Writings

New Essays Every Monday

  • 私の部屋には背丈よりも高い本棚が3つあり、本が詰まっている。毎年本を買い、売ってきた。「本というものがとても好きだから吟味して買い、買ったからには大切にするタイプ」ではなく、必要がなくなったら、あるいはおもしろくなかったら、わりと潔く売る。

    ただ、何が必要なくなったか、おもしろくなかったか見極めるのは難しい。今必要なくても、今後必要になるかもしれない。今おもしろくないと思っても、それは私のレベルが追いついていないだけで、よく読めばおもしろいのかもしれない。「かもしれないかもしれない」が本の中に栞のように挟まり、売るのを思いとどまらせる。それは「いつか読むべき本」「いつか再読すべき本」に姿を変え、本棚に入っていた年数ぶん重くなる。

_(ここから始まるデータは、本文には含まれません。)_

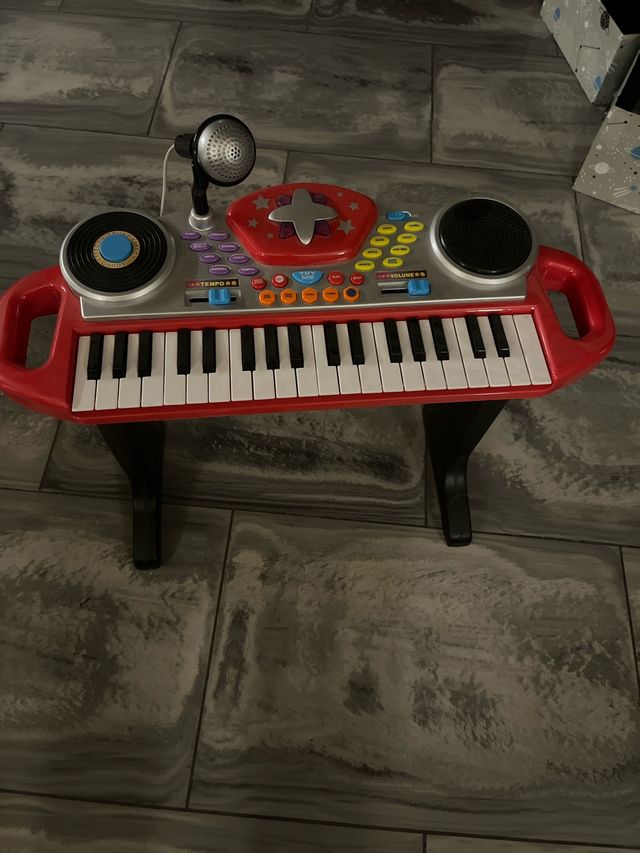 Piano infantil com microfone e pernas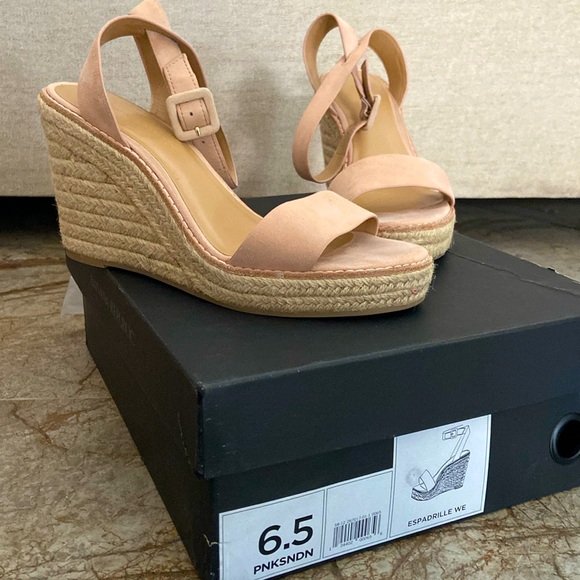 Banana Republic Shoes - Blush Pink Suede and Leather Espadrilles size 6.5, Banana Republic brand.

    年齢を重ねるということは、この「かもしれないかもしれない」を手放すことかもしれない。視野を広げ、知見を深めるうちに、読みたい本は増えていく。しかし生きられる年数は見えている。体力の衰えが選択肢を減らしていく。世界のすべての本を読むことはできないし、「万人が必ず読むべき本」はないと悟る。

    30代に入って、本棚はべき論のない場所にしようと決めた。少しずつ、「いつか読むべき本」「いつか再読すべき本」を売ってきた。この「いつか」は、なんとなく距離感がつかみきれない人と「いつかまたごはんに」と言い合って、再びの機会が訪れないことに似ている。「いつか」は来ない。さようなら。去ったあと、心にぽっかりと穴が開いて、本当は大切だったと気づくなら、買い戻せばいい。人間関係と違って、本はそれが希少本でもない限り可能だ。

    梅雨に入る前、本の整理と売却作業をした。約200冊売った。今回は、毛穴パックやスクラブパックで余計な角栓を取り除いたような、ごっそりすっきりとした気持ちになった。今までになかった爽快感。残った本の背表紙を見て、どれも好きだと言える。読みたくてわくわくするのを感じる。「かもしれない」と「いつか」をため込んだ自分を、捨てきれた気がする。新陳代謝が巡った。自分が健康だと本棚も健康で、本棚が健康だと自分も健康なんだと思う。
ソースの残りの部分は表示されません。